I talked about masks in a post a while back. Wearing them, wishing I could take my own off. Incidentally, my Sunday School teacher used that post when he spoke recently in church - how cool is that?! Anyway.... is anyone else like me, that wishes they could be real at church? I do wish I could, but I don't think I ever could. There would be consequences I am not sure I could handle. Judging. People who would avoid me. I just wish when people asked me how I am doing, that I could throw aside the "fine", or similar repsonse, and tell them how I am REALLY doing. But people don't really want to know. That question has become just a greeting. They want you to say "fine", not "Life doesn't seem worth living. I feel God is a million miles away. I'm on the verge of giving up" - or anything like that. They don't want to hear that.

Too many in church want to sit in their padded pews, and leave feeling happy and pious. They don't want to deal with people who have messy lives, ugliness inside.

In the movie, the main character gets upset with  the youth group for their insincerity, lack of caring, and how apathetic they are. He has an outburts where he throws in a few curse words - which I am not voicing approval of. Then later, it is discovered that his girlfriend is pregnant - the sex was before he became a Christian. The pastor of the church met with the youth pastor and suggested that they stop the kid from coming to church, as he wasn't the kind of person they wanted there. Meanwhile, the pastor's own son was smoking marijuana. The youth pastor replied that Jake should be the one preaching, that he was living what they should all be living.

I said that to say this: I am afraid most of the people in our church have the same attitude. How would they act if a drunk started coming to church? A drug addict? A homosexual? What if my own personal struggle were made known? Sometimes, I have the attitude "I don't give a rip about what people at church think of me." And do I? Maybe I do, since I wish they did care about me..... yet on the other hand, I want people in my life to love and like me in spite of this ugliness inside, this "curse" from God Himself, as I sometimes feel about it. After all, if we judge people's worth by what they are, by their scars.... are we truly Christian and God-like? If we only care about a few certain people in church, are we Christ-like?

I once made the statement that if this is the family of God, I want new siblings. That is true. I want a church where people truly care about others in the church - not just about me, but about everyone. I honestly don't feel like my church is doing that. And can a church be what God wants them to be if they are failing in that area?

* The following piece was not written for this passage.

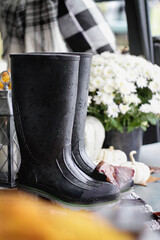 Black rubber rain boots, or wellies, sitting on front porch decorated for autumn.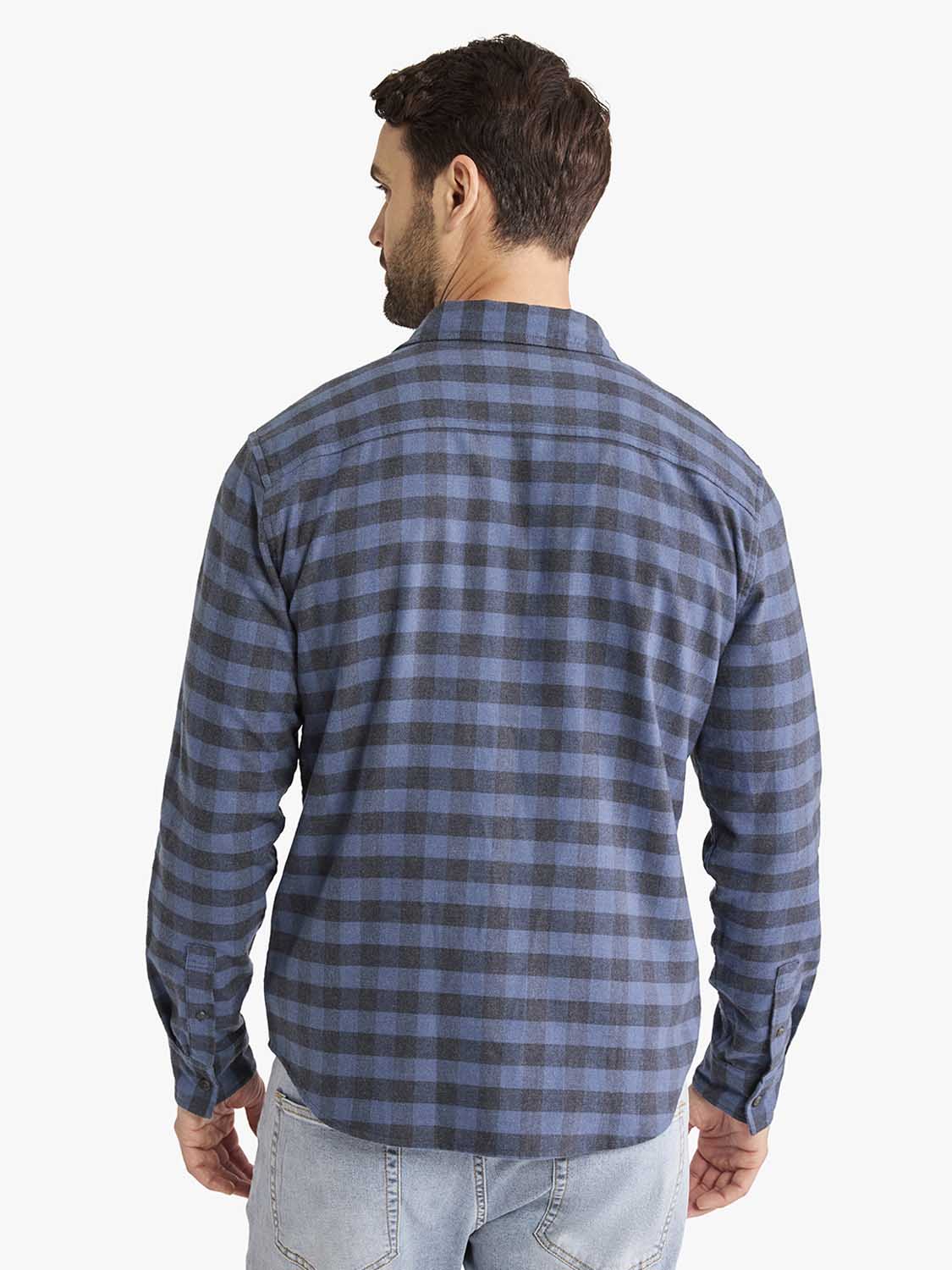 Man wearing a blue and gray checked flannel shirt with long sleeves, shown from the back.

My church believes differently than many churches. We believe in true modesty in dress, and a definite difference in appearance between men and women - not saying that to preach or put down anyone, but to preface my next statement: I have wondered if I need to get several tattoos, some piercings, and show up in a muscle shirt and boxer shorts for people to look at me and figure I need help. Why is that? Are we so blind to others in the church that the only way we know something is wrong is if they do something extreme against our beliefs?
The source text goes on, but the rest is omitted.